Kilkadziesiąt sekund później powinno być 2:0, po szybkim kontrataku znów w roli dogrywającego wystąpił Rydzak, ale z pięciu metrów do bramki nie trafił Krzysztof Biegański. Co nie udało się w 26 minucie udało się w 36. Biegański dośrodkował wzdłuż linii końcowej z lewej strony, a z najbliższej odległości piłkę do bramki wcisnął Tomasz Rydzak.
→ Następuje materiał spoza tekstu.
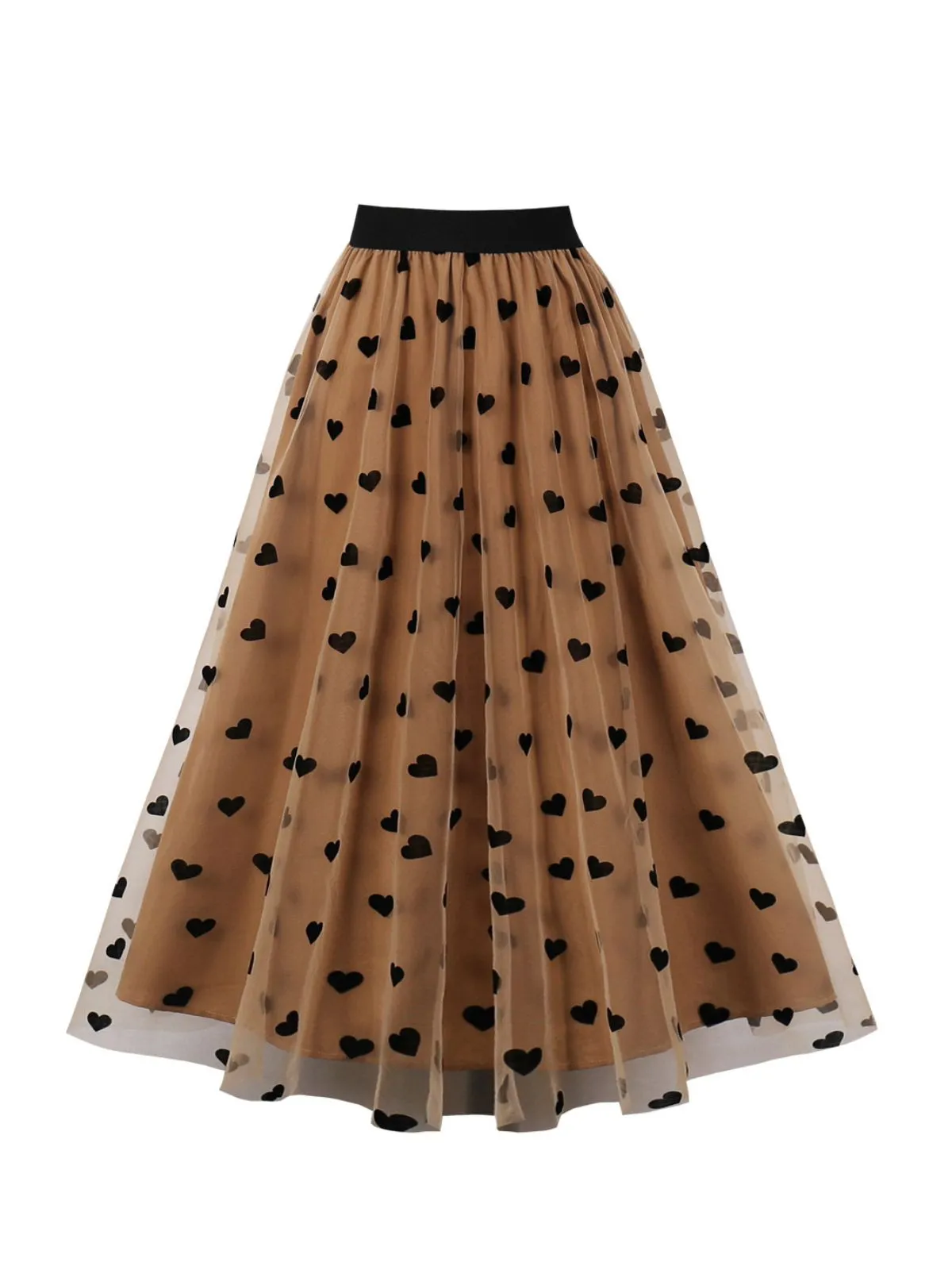 1950s Heart High Waist Swing Skirt sold by Retro Stage product image thumbnail 3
Chwilę później w niemal kopii akcji Biegański obsłużył wbiegającego w pole karne Kupisza, ale ten zbyt długo zwlekał z oddaniem strzału i nic z tej okazji nie wyszło. 42 minuta to kolejna okazja Kupisza, który po wrzutce Rydzaka i zgraniu piłki głową przez Daniela Kokosińskiego trafił w poprzeczkę. Jeszcze przed gwizdkiem kończącym pierwszą połowę Biegański znalazł się sam na sam z bramkarzem Pomorza, i choć przegrał z nim pojedynek to końcówką buta zdołał odegrać do Kupisza, a ten do Rydzaka, który jednak strzelił niecelnie.
Po przerwie trwał napór Kotwicy, choć goście także mieli swoje okazje, głównie po rzutach rożnych. To jednak Kotwica strzelała bramki. Na 3:0 podwyższył Biegański, skutecznie wykonując rzut wolny po faulu na Skóreckim. Pięć minut później Rydzak wyłożył piłkę na szósty metr Patrykowi Pietrasowi, ale ten nie trafił bramkę. Skuteczniejszy był w 64 minucie po wrzutce Cebulskiego, gdy ładnym strzałem z woleja umieścił piłkę w siatce. Prowadząc 4:0 w grę Kotwicy wkradło się trochę nonszalancji i zawodnicy Pomorza zdołali parę razy zbliżyć się do bramki Cezarego Szybki, jednak bez większego zagrożenia.
Kotwica z kolei nie poprzestała na czterech golach. W 78 minucie w sytuacji sam na sam Biegański spokojnie minął Karola Kotłowskiego i umieścił piłkę w pustej siatce, a w ostatniej minucie asystę Rydzaka na bramkę zamienił Patryk Skórecki. Chwilę wcześniej w doskonałej sytuacji oko w oko z Kotłowskim znalazł się Daniel Popiołek, ale minimalnie chybił.